Guest opinion: Will older Coloradans be winners or losers? |

Guest opinion: Will older Coloradans be winners or losers?

Robert Semro

The older you get the more you need health care. That’s why 77 percent of Americans consider Medicare to be the most important government program after Social Security.

But what about older Americans who are too young for Medicare? Americans aged 55 to 64 are high-end health-care users. They account for the highest per-capita (non-Medicare) health-care spending in the country. They also have much higher out-of-pocket healthcare costs than younger age groups.

In 2013, 17 percent of these people had public health insurance coverage (Medicaid, VA, etc.) and well over 13 percent were uninsured. According to the Government Accounting Office in 2015, 14 percent of this age group lives in poverty and 41 percent have no meaningful retirement savings.

Given all that, you might think that the new health-care reform bill in Congress would focus on improving the situation for these older Americans. Unfortunately, it doesn’t.

As the new bill stood on March 16, the plan caps insurance premium support at $4,000 for older Americans regardless of income or how much health care and insurance cost where they live. West Slope insurance premiums and health-care costs have historically been among the highest in the state. Yet West Slope residents would get the same level of support as people on the Front Range, where costs are lower.

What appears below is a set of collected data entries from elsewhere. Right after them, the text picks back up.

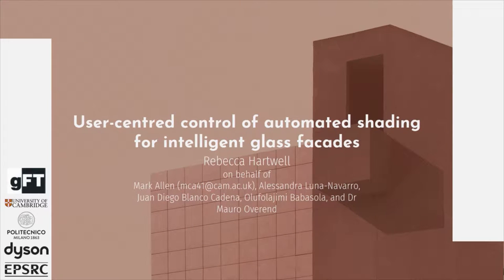Hi, my name is Rebecca and I'm presenting some work on behalf of my colleagues at Cambridge University who unfortunately couldn't be here today. It's two PhD research in our group: Mark Allen and Alessandra Luna Navarro, supervised by Dr. Mauro over in the Glass and Facade Technology Research Group at Cambridge University. There's also some work attributed to Juan Diego at Politecnico de Milano and a master's student who won a Dyson Award for this research.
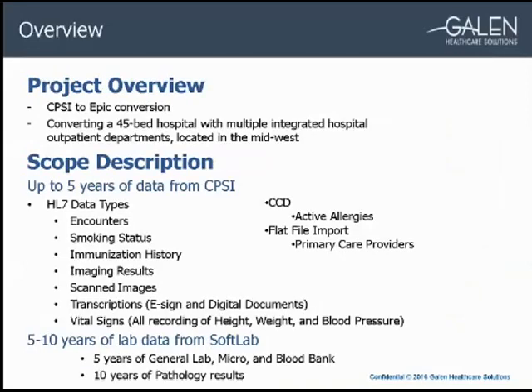In late 2014, a client we had previously done a conversion for requested our assistance to help with another conversion. It was to convert a small hospital CPSI system to the acquiring health system's EPIC EHR. We converted up to five years of clinical data from CPSI to EPIC using various formats. We converted encounters, smoking status,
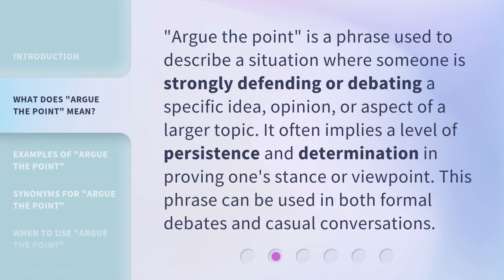Argue the point is a phrase used to describe a situation where someone is strongly defending or debating a specific idea, opinion, or aspect of a larger topic. It often implies a level of persistence and determination in proving one's stance or viewpoint. This phrase can be used in both formal debates and casual conversations.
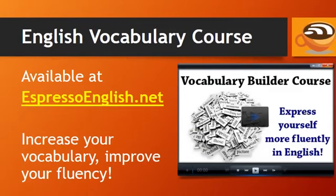To continue improving your English vocabulary, take the English vocabulary course available at EspressoEnglish.net. You'll increase your vocabulary and improve your fluency so that you can express yourself better in English. Visit EspressoEnglish.net to take the English vocabulary course.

According to the Kaiser Family Foundation, if you live here in Garfield County, are 60 years old and earn between $20,000 and $50,000 a year, the ACA subsidy tax credit you currently receive would decrease by 56 percent to 70 percent under this new bill. That means you could end up paying and extra $5,600 to $9,300 per year. And the less your annual income, the more you’ll have to pay.

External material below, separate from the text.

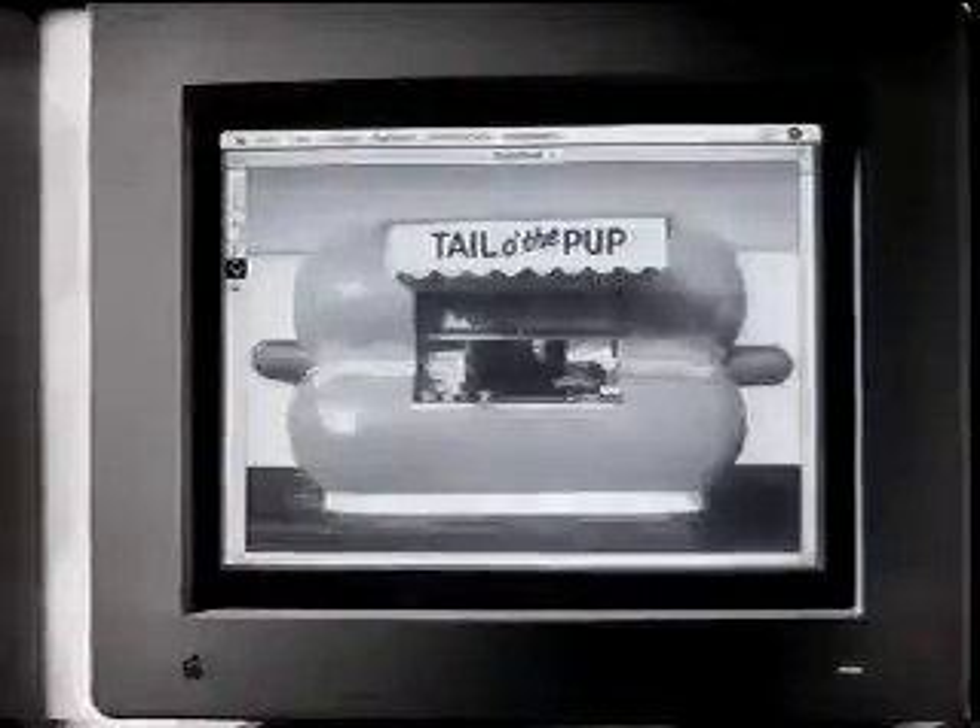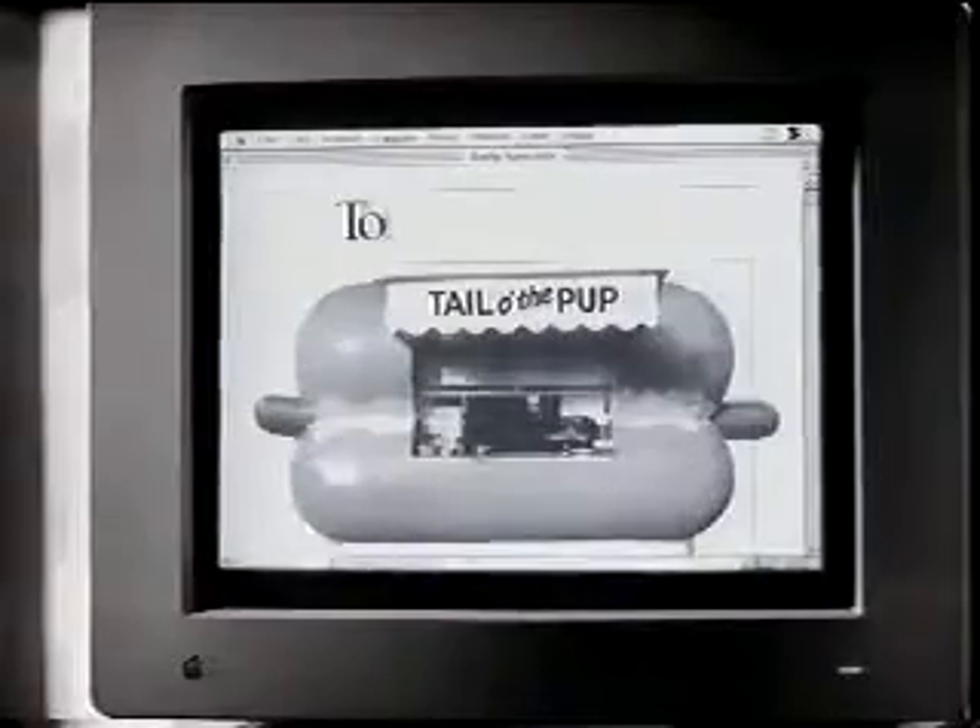Frank, we're out of menus. Coming right up. You are about to witness a revolution in business communications. At just one touch of a button, you can add photographs to anything, from memos to menus.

Today, insurance companies can charge older Americans three times more in premiums than younger ones. Under the new plan, that could increase to 5:1, a jump of 67 percent. And if you let your coverage lapse for more than 63 days, should you lose your job or run into financial problems, you would be subject to a new penalty that would increase your premiums by 30 percent. Since older people already pay higher premiums, that penalty would be significant.

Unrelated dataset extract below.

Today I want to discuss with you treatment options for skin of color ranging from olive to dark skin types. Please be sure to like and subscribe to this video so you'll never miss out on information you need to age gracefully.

If you’re on Medicaid, the new health-care bill would eliminate funding in 2020 for the Medicaid expansion that has covered an extra 400,000 Coloradans. In three years, federal funding for Medicaid would be subject to a “per-capita” block grant. Under this policy, which caps the amount of money that can be spent on each Medicaid enrollee, Colorado could lose 25 percent of its Medicaid funding by 2026. Federal regulations on how that money should be spent by the state would be reduced or eliminated.

The idea is that with fewer regulations, states will operate more efficiently and will be able to do “more with less.” But few people think that would make up for the funding cuts. Unlike other states that can raise additional revenue to cover the shortfall, Colorado is limited by the TABOR amendment, which requires voter approval for revenue increases. Without that ability, state policy makers would decide whether education, infrastructure or health care would be assigned a greater percentage of a shrinking budget.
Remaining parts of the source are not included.